* _Description of the task_:
From the line that contains "赤ちゃんが家で床に這うのを見ている幸せな両親 - mother" down to the last line of the entries, please return everything exactly, except the pictures.

* _Excerpted data_:
********************

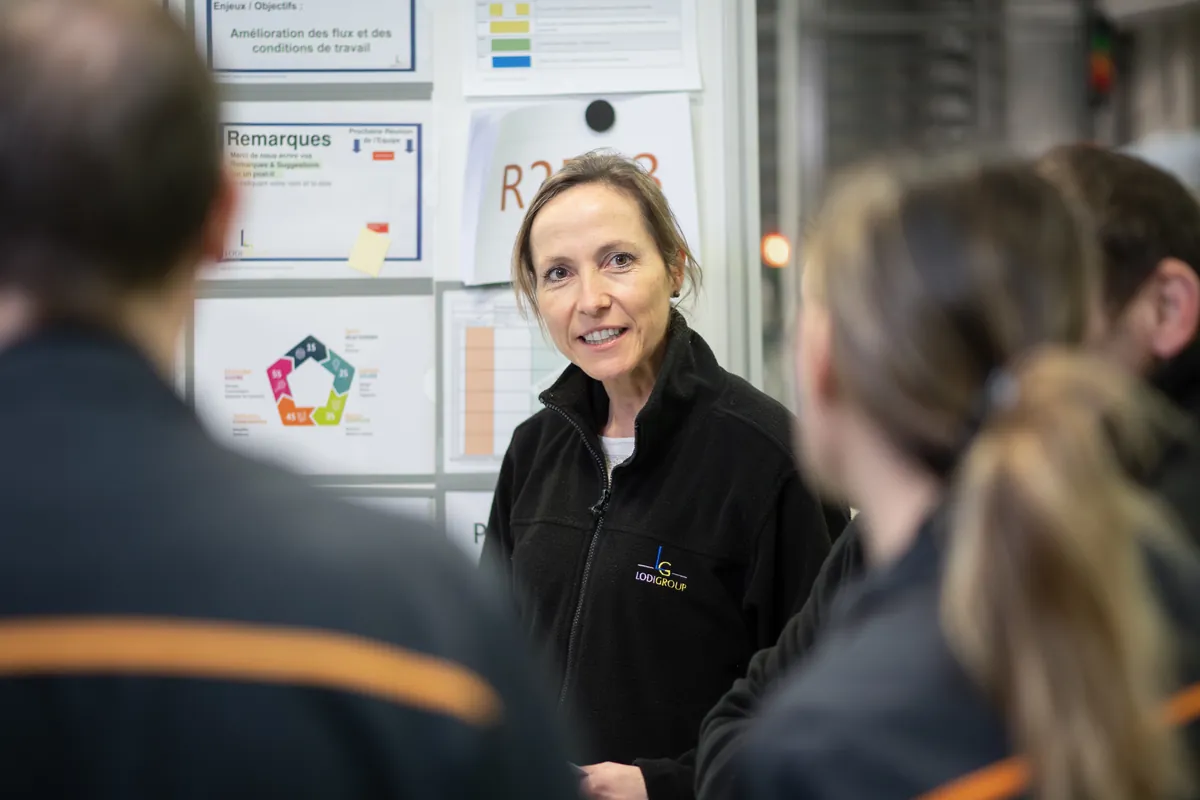 Une collaboratrice échange avec ses collègues dans l'atelier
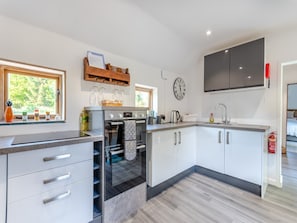 A modern kitchen with a built-in oven, a microwave, and a large window. - 2 Bed in Burton Pedwardine (oc-t42740) (Burton Pedwardine)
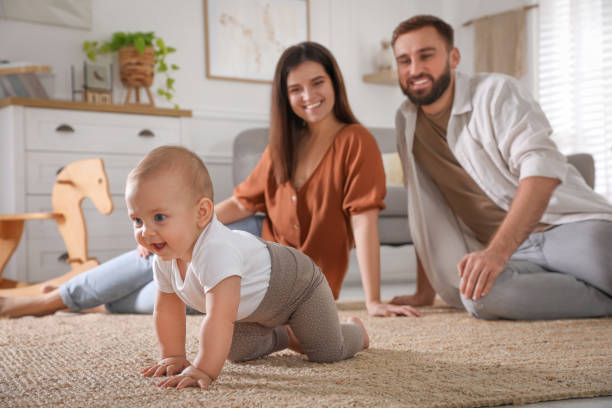 赤ちゃんが家で床に這うのを見ている幸せな両親 - mother baby child playing ストックフォトと画像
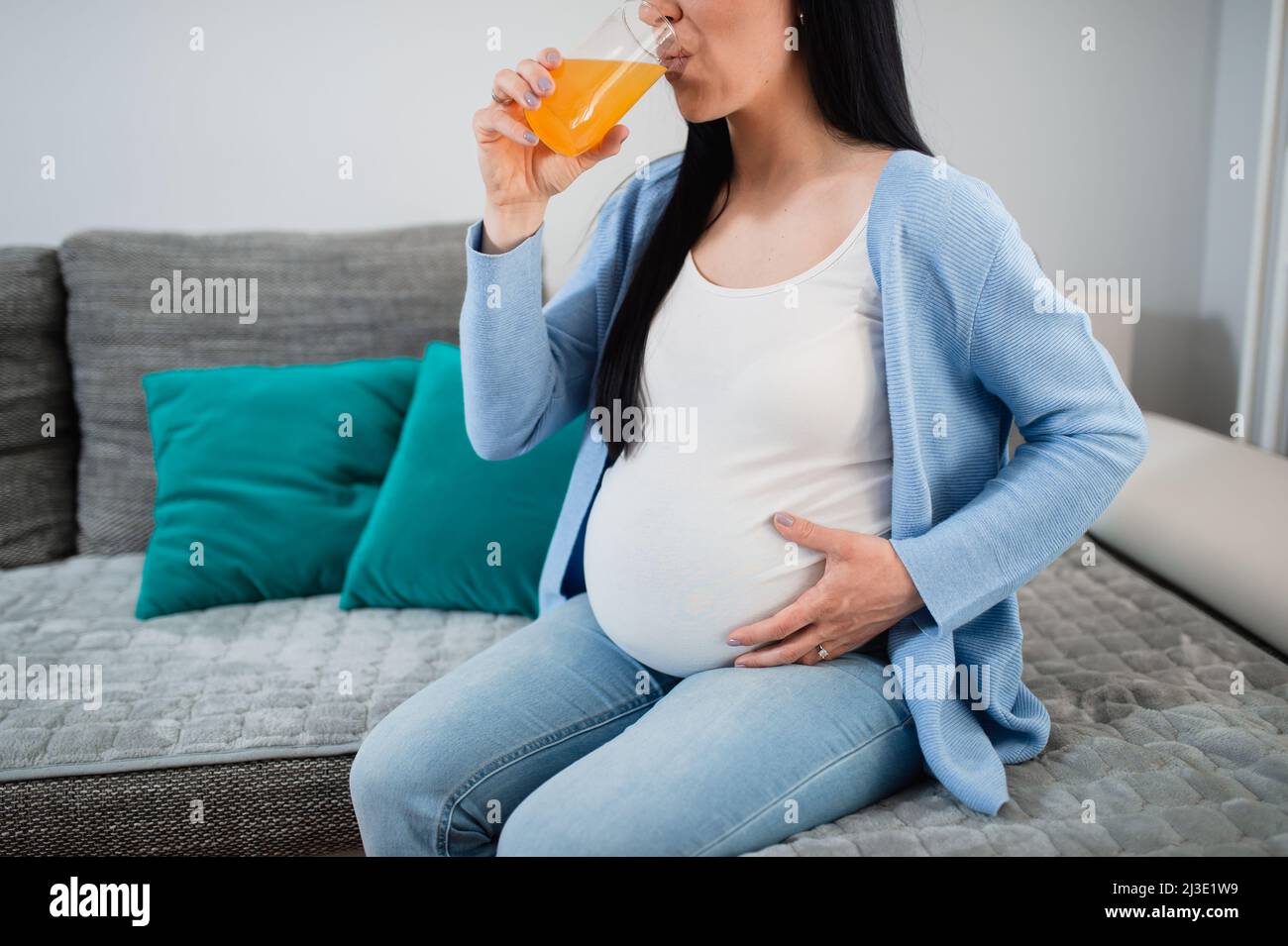 A pregnant woman drinks orange juice in the living room and holds her ...
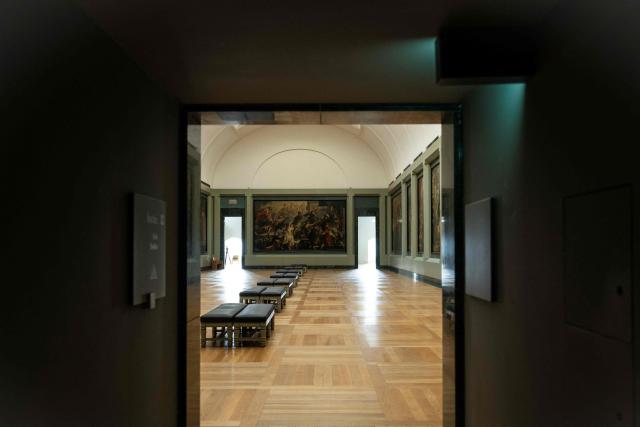 This photograph shows a view of "L'Apotheose de Henri IV et la proclamation de la regence de la reine" (1622-1625) by by Flemish artist Peter Paul Rubens in The Medicis Gallery, in which are displayed 24 paintings by Rubens constituting the 'Marie de Medici Cycle', before their restoration, at Musee du Louvre in Paris on March 24, 2026. The Louvre has unveiled the details of an “exceptional operation” to restore the 24 paintings of the “Marie de’ Medici Cycle,” painted in the early 17th century by Rubens, one of the masters of Flemish painting. A call for tenders is underway to find two teams of restorers who will work simultaneously, starting in the autumn, on a project expected to last four years. (Photo by Blanca CRUZ / AFP)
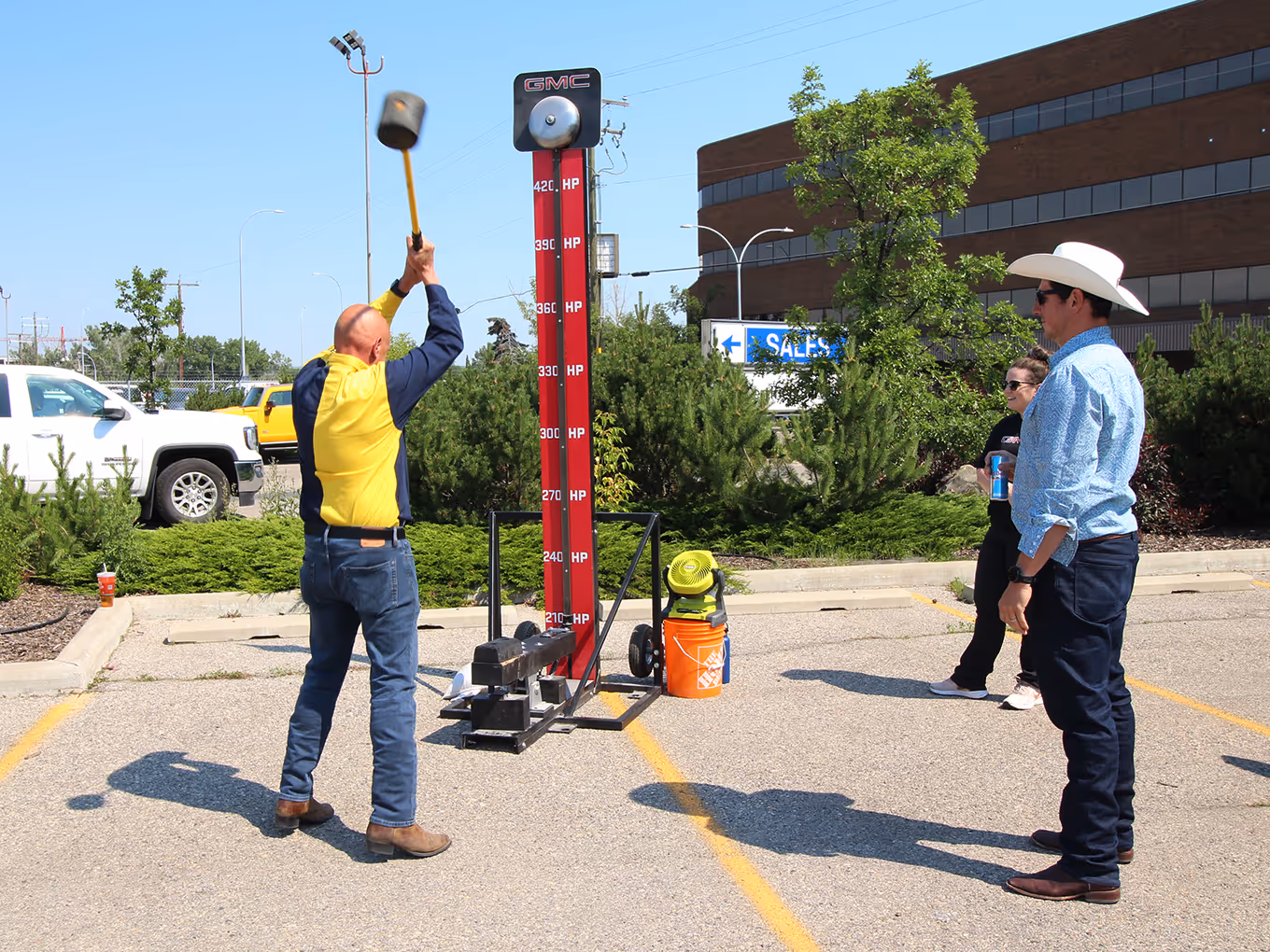 Guest swings a mallet at the rental GMC strength tester game during a community Stampede activation.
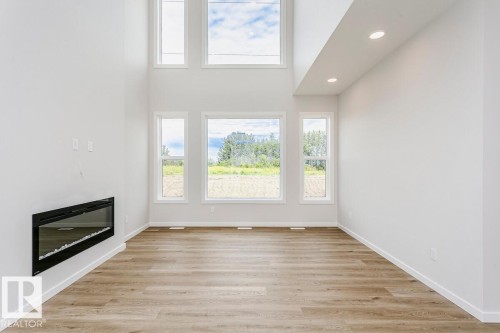 17332 5Th Street Nw, Edmonton, AB - Indoor Photo Showing Other Room With Fireplace
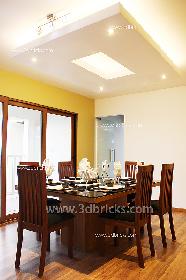 Wooden Flooring underfoot and a yellow wall enhance the dinning area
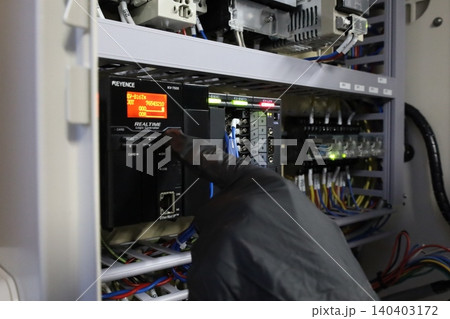 産業用制御キャビネット内のキーエンスPLCモジュールを点検するエンジニアの手 140403172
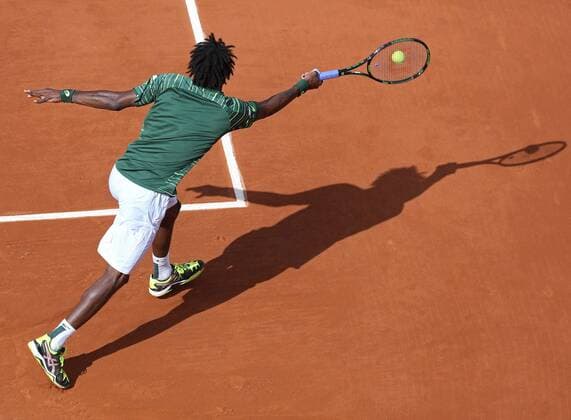 Gael Monfils of France hits a shot during his French Open men s first round match against Edouard Roger-Vasselin of France at Roland Garros in Paris on May 25, 2015. Monfils defeated Roger-Vasselin 6-2, 6-7 (5), 6-1, 7-5 to advance to the second round.  PAR20150525732 DAVIDxSILPA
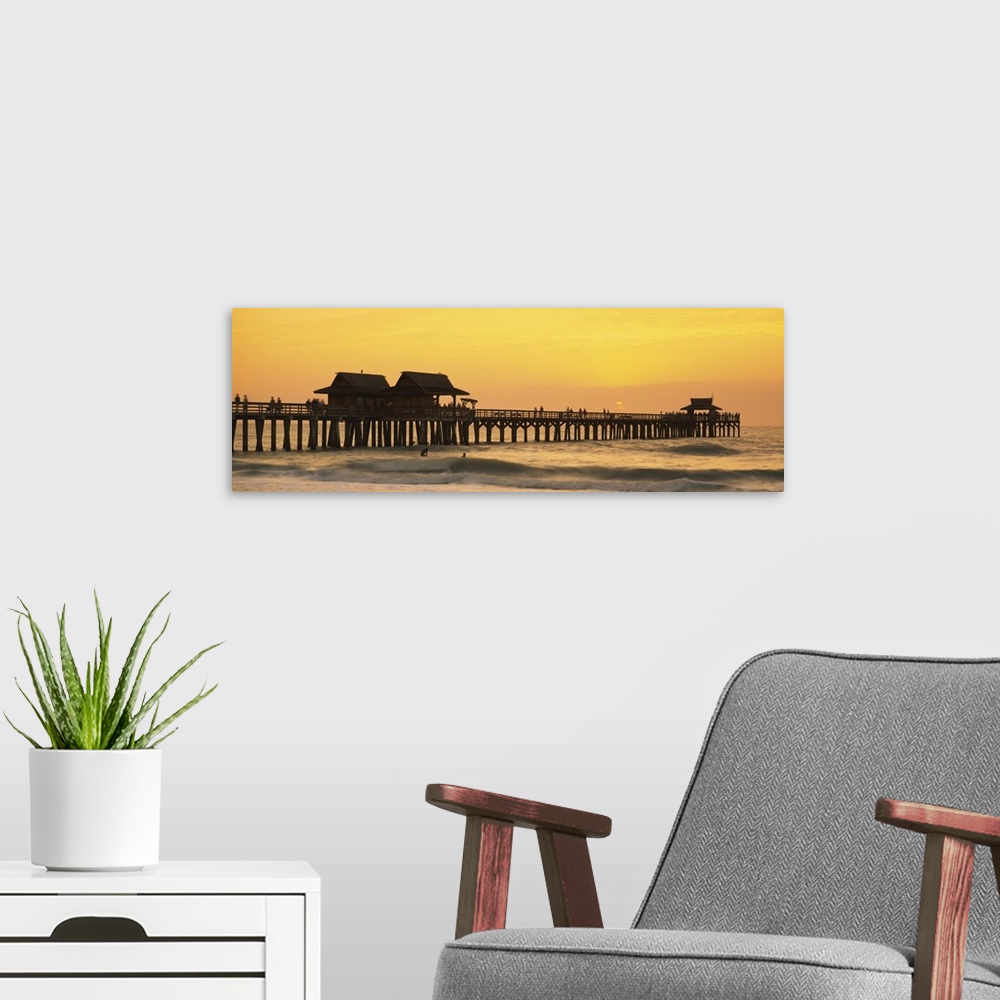 A modern room featuring A silhouetted wooden wharf with small buildings stretches out into the ocean at sunset. A couple ...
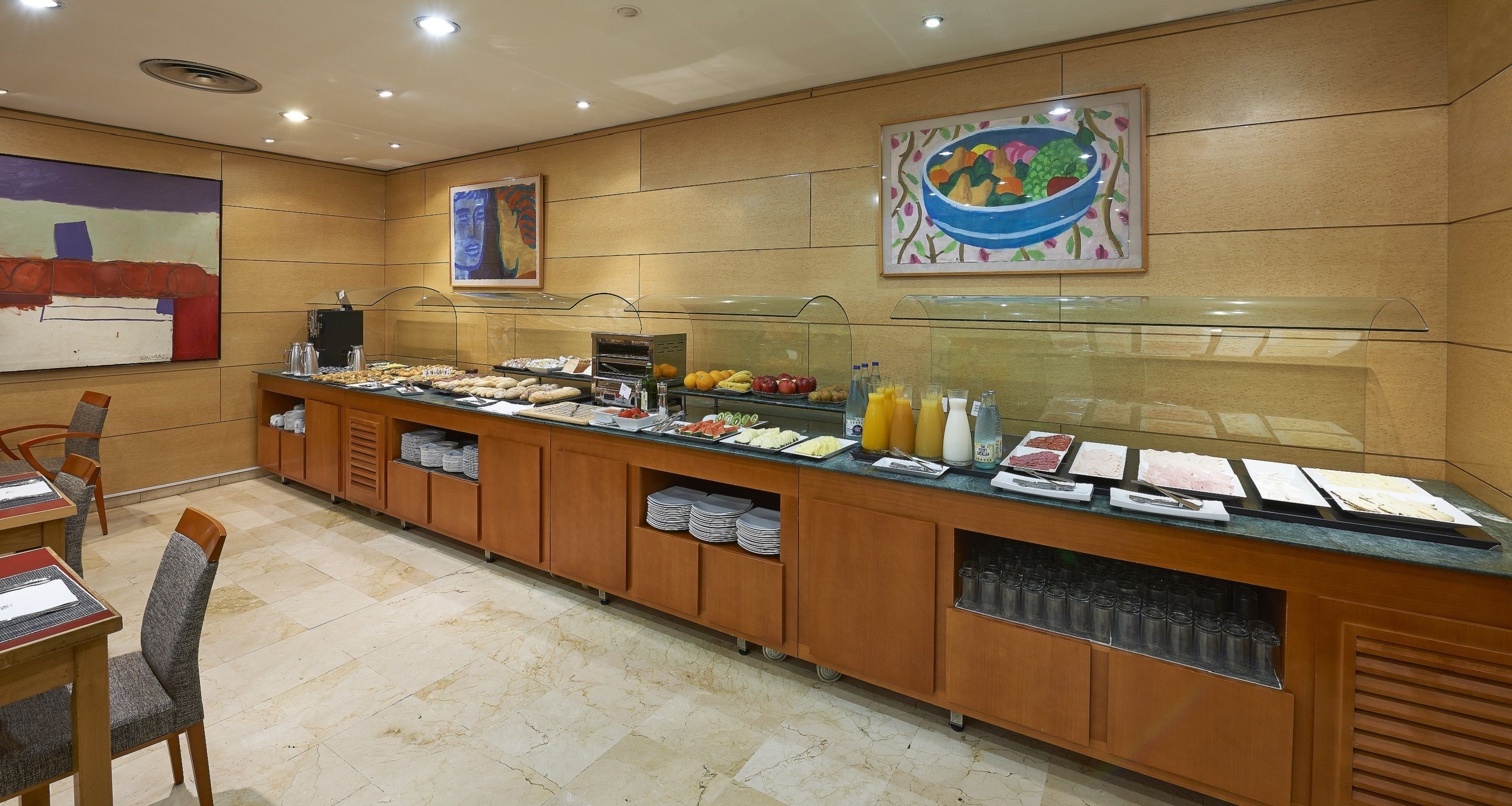 A buffet with various food items, a glass display case, and seating area with chairs.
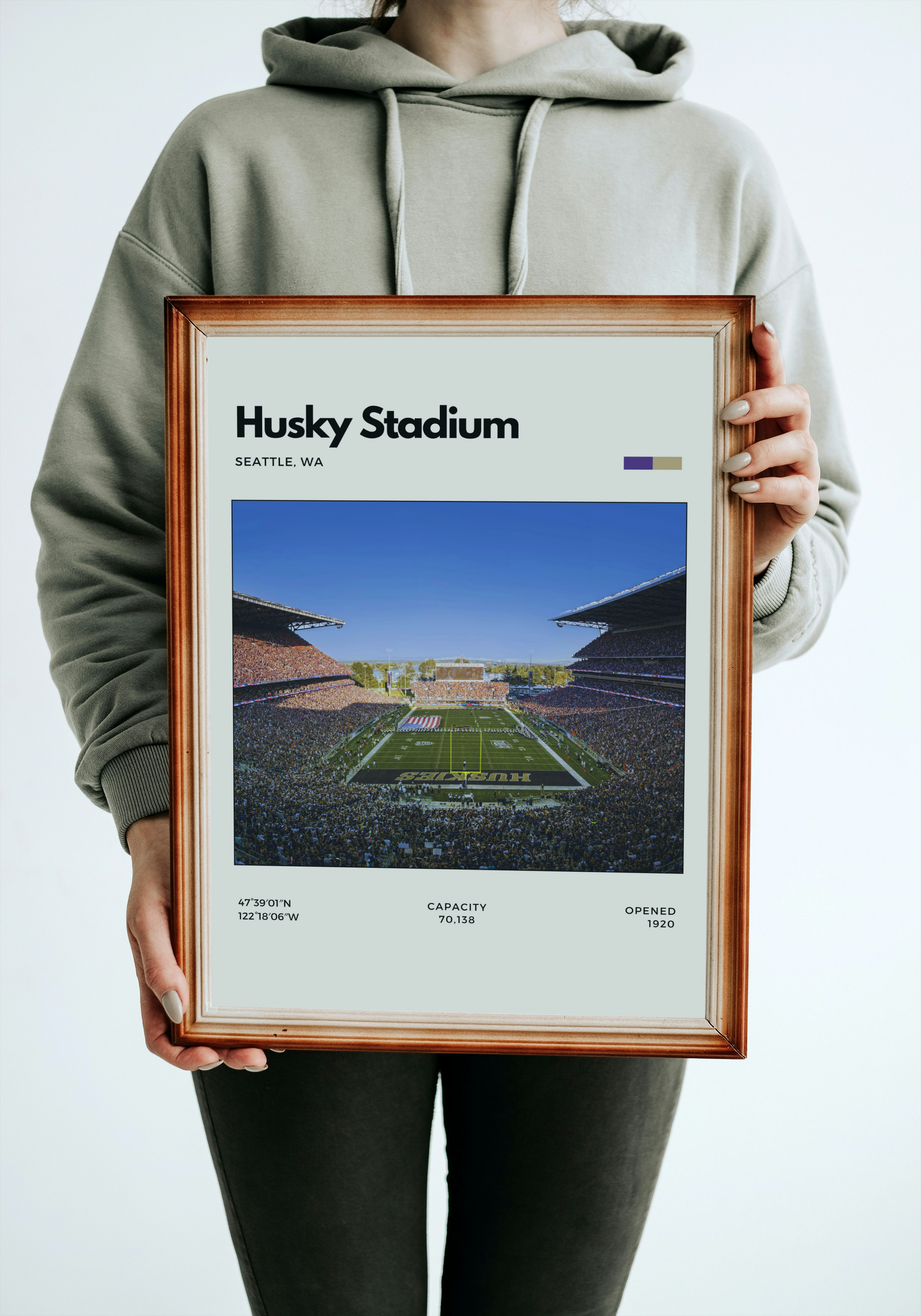 Person holding a framed print of Husky Stadium with a gray hoodie.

********************

* _Exercise answer_:
 赤ちゃんが家で床に這うのを見ている幸せな両親 - mother baby child playing ストックフォトと画像
 A pregnant woman drinks orange juice in the living room and holds her ...
 This photograph shows a view of "L'Apotheose de Henri IV et la proclamation de la regence de la reine" (1622-1625) by by Flemish artist Peter Paul Rubens in The Medicis Gallery, in which are displayed 24 paintings by Rubens constituting the 'Marie de Medici Cycle', before their restoration, at Musee du Louvre in Paris on March 24, 2026. The Louvre has unveiled the details of an “exceptional operation” to restore the 24 paintings of the “Marie de’ Medici Cycle,” painted in the early 17th century by Rubens, one of the masters of Flemish painting. A call for tenders is underway to find two teams of restorers who will work simultaneously, starting in the autumn, on a project expected to last four years. (Photo by Blanca CRUZ / AFP)
 Guest swings a mallet at the rental GMC strength tester game during a community Stampede activation.
 17332 5Th Street Nw, Edmonton, AB - Indoor Photo Showing Other Room With Fireplace
 Wooden Flooring underfoot and a yellow wall enhance the dinning area
 産業用制御キャビネット内のキーエンスPLCモジュールを点検するエンジニアの手 140403172
 Gael Monfils of France hits a shot during his French Open men s first round match against Edouard Roger-Vasselin of France at Roland Garros in Paris on May 25, 2015. Monfils defeated Roger-Vasselin 6-2, 6-7 (5), 6-1, 7-5 to advance to the second round.  PAR20150525732 DAVIDxSILPA
 A modern room featuring A silhouetted wooden wharf with small buildings stretches out into the ocean at sunset. A couple ...
 A buffet with various food items, a glass display case, and seating area with chairs.
 Person holding a framed print of Husky Stadium with a gray hoodie.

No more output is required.